Jet Set: La memoria de una noche que cambió al país

Por Licda Josmir Pérez

El 8 de abril de 2025, la discoteca Jet Set se convirtió en escenario de una tragedia que transformó la música y la celebración en un silencio desgarrador. Lo que comenzó como una noche de fiesta terminó en duelo nacional, cuando el techo del histórico edificio colapsó súbitamente durante una presentación artística, dejando víctimas, familias rotas y una comunidad marcada para siempre.

Al cumplirse un año, la memoria colectiva revive no solo el estruendo del colapso, sino también el eco humano de las ausencias. El tránsito abrupto de la euforia al miedo, de la música al silencio, sigue siendo un recuerdo vivo en quienes estuvieron presentes y en toda la sociedad que acompañó el dolor.

Las familias que perdieron seres queridos, amigos que aún se preguntan cómo pudo ocurrir, y una ciudad que aprendió que la seguridad de los espacios públicos es también un asunto de dignidad humana. Aún recuerdo esa madrugada triste que por medio a diversas plataformas digitales el pueblo se enteró del colapso, angustia compartida, preguntas sin respuestas, la incertidumbre de encontrar en la lista de las victimas un nombre conocido.

En medio del duelo, a pesar del dolor, emergió la solidaridad. Vecinos que ofrecieron ayuda inmediata, médicos que trabajaron sin descanso, y una sociedad que se unió en la búsqueda de respuestas y justicia. El dolor compartido se convirtió en un lazo que sostuvo a la comunidad en los días más oscuros.

Esto nos demostró que la vida puede cambiar en un instante, y la fragilidad de los momentos felices nos recuerda la importancia de valorar cada encuentro. La tragedia del Jet Set no solo dejó lecciones técnicas sobre la necesidad de inspecciones rigurosas y protocolos de seguridad, sino también un llamado a la memoria y a la responsabilidad colectiva.

El impacto emocional de aquella noche sigue presente en los sobrevivientes y en las familias de las víctimas. Muchos relatan que aún les cuesta entrar a un espacio cerrado sin sentir ansiedad, y que el sonido de una multitud les devuelve recuerdos dolorosos. Estas experiencias son un recordatorio de que las tragedias no terminan con el rescate, sino que se prolongan en la vida cotidiana de quienes las vivieron.

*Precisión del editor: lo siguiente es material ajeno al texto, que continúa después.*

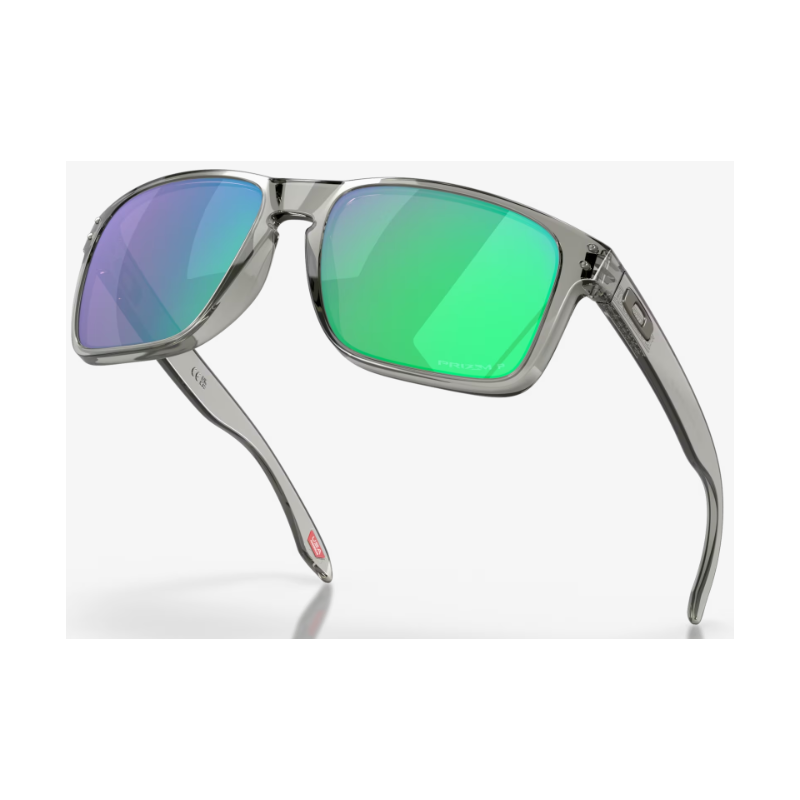 Oakley Holbrook XL Grey Ink lente Prizm Jade Polarized OO9417-3359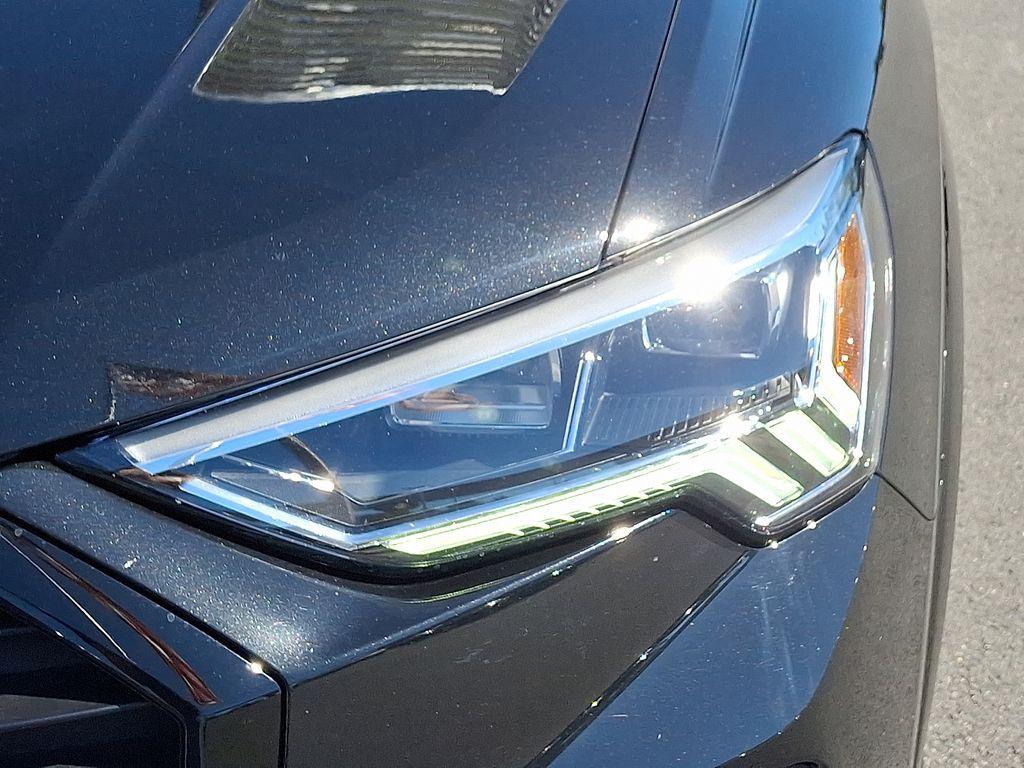 used 2023 Audi Q3 car, priced at $31,000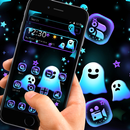 Halloween Night Ghost Launcher Theme 👻 APK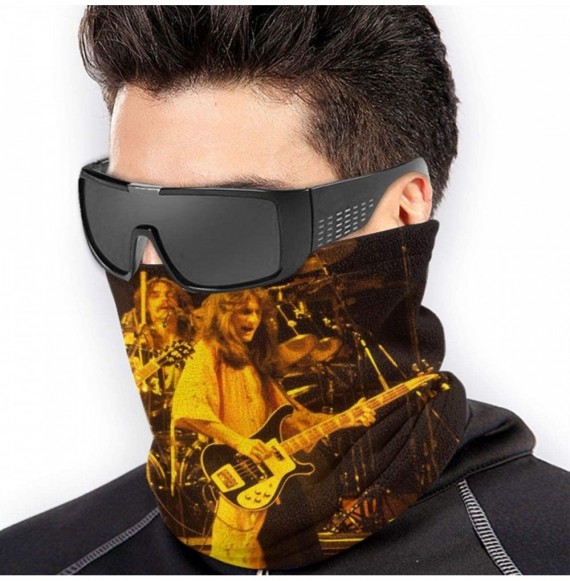 Balaclavas Microfiber Neck Warmer Rush Starman Headbands Bandana Scarf Head Wrap Mask for Winter Outdoor Sports - 1 - CT197NA...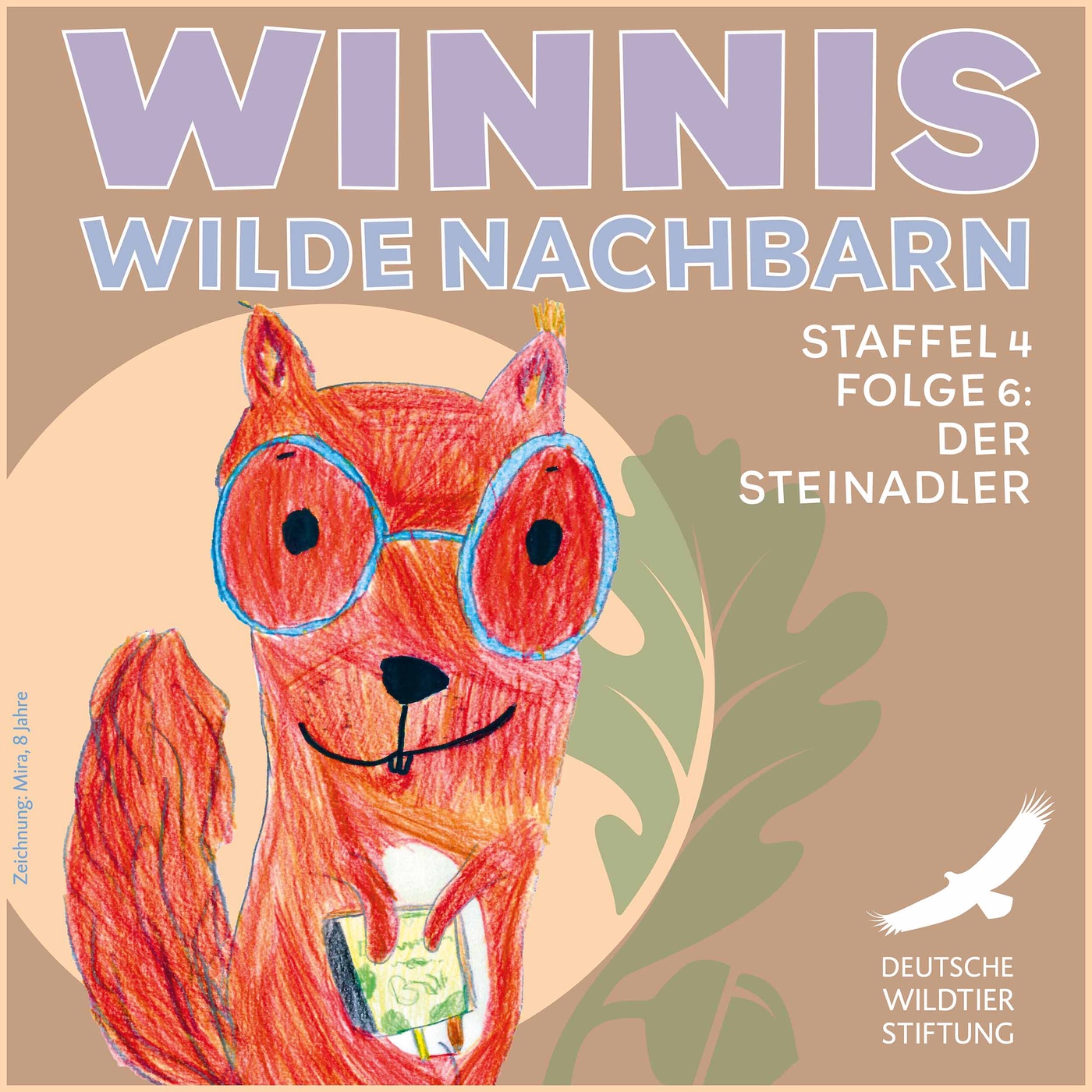 Staffel 4 / Folge 6 Steinadler: Turbo-Sturzflug, Greifvogel-Tarnanzug und All-Inclusive-Nest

El aniversario no solo es un acto de memoria, sino también de conciencia colectiva. Recordar el Jet Set es reconocer que la seguridad pública depende de la responsabilidad compartida entre instituciones, empresarios y ciudadanos. Es un llamado a no olvidar, a aprender de lo ocurrido y a construir un futuro en el que la música, la alegría y la vida nunca más sean interrumpidas por el estruendo de un colapso.

Licda. Jormir Pérez

La autora es candidata a doctora en el uso de la Inteligencia Artificial Generativa para la enseñanza de la Lengua en la Universidad Autónoma de Santo Domingo; magíster en Lingüística Aplicada a la Enseñanza del Español en la UASD. Docente en universidades nacionales e internacionales.